Correcting those distorted incentives is the central aim of the new policy. At its simplest, it seeks to do so by reshaping the obligation on retailers, requiring them to enter into contracts with generators that meet two criteria: that each retailer’s portfolio of contracts balances dispatchable and intermittent sources of power, thus helping ensure the system is secure and reliable; and that the portfolio also meets an emissions target.
In that sense, the new policy could be viewed as combining a RET-like approach to emissions with a RET-like approach to reliability, with both goals being pursued through mandates on electricity retailers. It is, however, much less prescriptive than the RET in how each target is to be met, encouraging retailers to find cost-effective ways of satisfying the criteria.
That is an improvement. And it is made even better by the fact the reliability criteria will be defined on a state-by-state basis. States that pursue absurd renewables targets will therefore bear the cost, as retailers serving those states will be required to buy the dispatchable capacity needed to offset the resulting system instability.
But it is important to also note the policy’s very real limits. Even if it works as intended, the new approach will neither eliminate the cost pressures inherent in the pursuit of ever lower carbon intensity nor return our electricity prices to internationally competitive levels. Rather, with the RET still in place, the continued ramp-up in renewables will worsen the problems experienced to date.
Nor is that on a trivial scale. According to the most recent data from the Australian Energy Market Operator, the connection requests now in train in the National Electricity Market would increase large-scale wind and solar capacity by a factor of five.
Even if not all of those projects proceed, network costs will soar as new transmission lines are built to connect those that do. And to those costs must be added the costs of securing the dispatchable capacity required to preserve network stability and reliability once that mass of renewables comes on stream.
The new policy will not eliminate those costs; at best, it may help ensure they are minimised.
Unfortunately, whether it even does that is still highly uncertain. After all, almost nothing is known about precisely how it will operate. What is clear, however, is that the introduction of contracts for reliability involves a very substantial change in the way retailers contract with generators. But there is not the barest sketch available of the nature of those new contracts or of how they relate to the financial contracts retailers and generators use to manage risk. As for the interaction between the new contracts and the RET, that too remains undefined.
All that makes it difficult to understand how the policy’s effects could have been modelled and so casts doubt on any estimate of the savings to consumers. The lack of transparency in the process leading up to the announcement only compounds the concerns.

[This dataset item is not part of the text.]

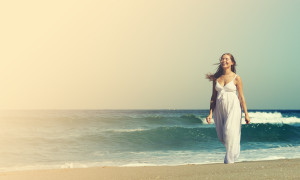 beautiful pregnant woman standing on the beach. Photo in old ima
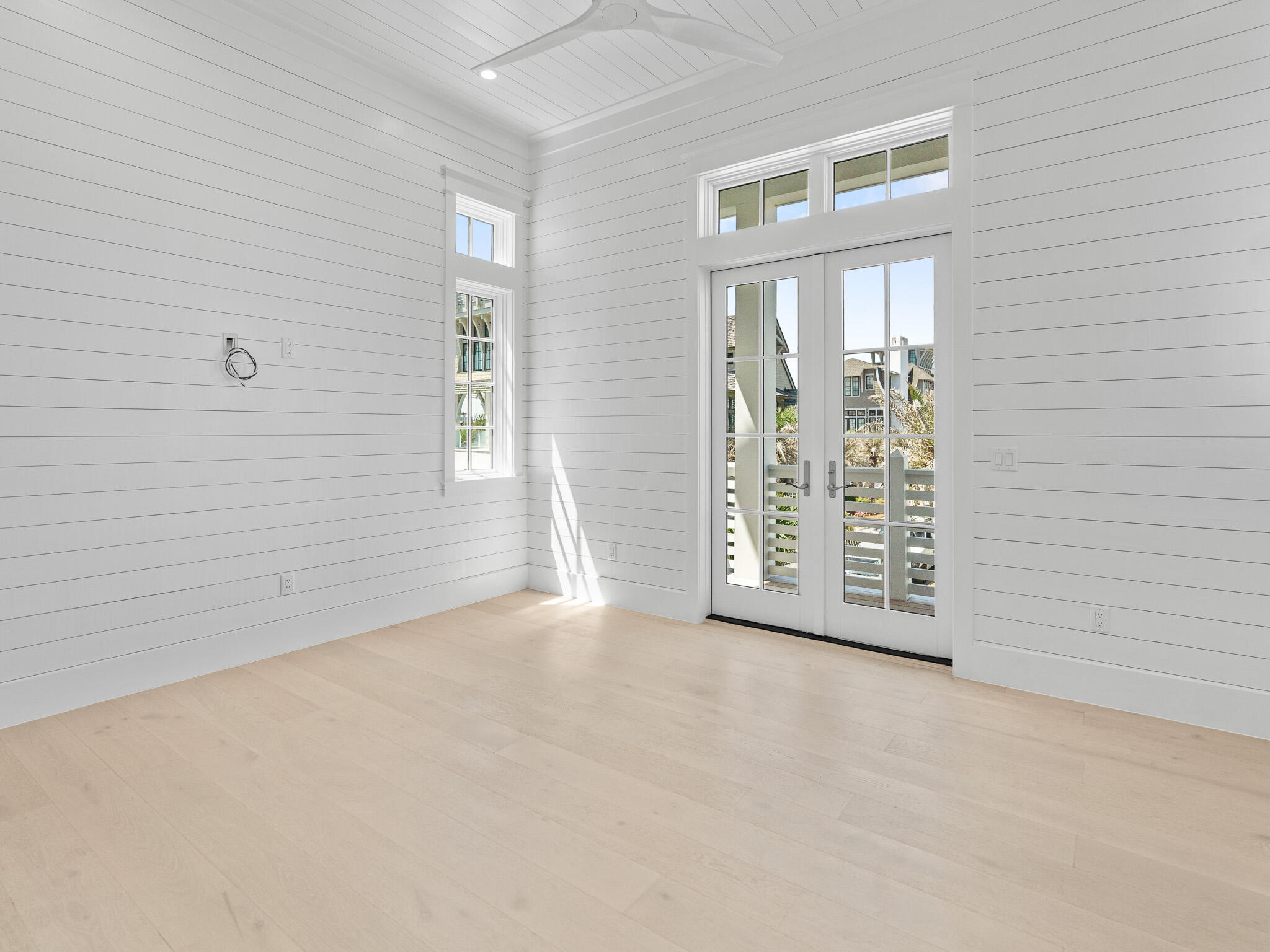 264 Grace Pt Way Watersound, FL 32461 - Photo 44 of 69 a view of an empty room with windows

But we beggars can hardly be choosers. So far, the main feature of our energy policy has been that every apparent nadir proved merely a step towards an even deeper form of madness. This, for once, looks like a move in the right direction — and for once, it faces up to the seriousness of the crisis. For that, hallelujah.
The Australian
Yaaayy! No more wind farms for South Australia. Excellent that the NEG is on a state by state basis.
If a retailer buys all their power from the grid, at spot prices using hedging instruments to manage short-term price variability, how is the government to determine whether they are taking the requisite balance of spasmodic and baseload power?
AEMO doesn’t sell power on that basis.
Can we expect to see Turnbull and Frydenberg nominated for a future Nobel prize in physics for their breakthrough in tracking individual electrons from source to destination through a commercial scale grid.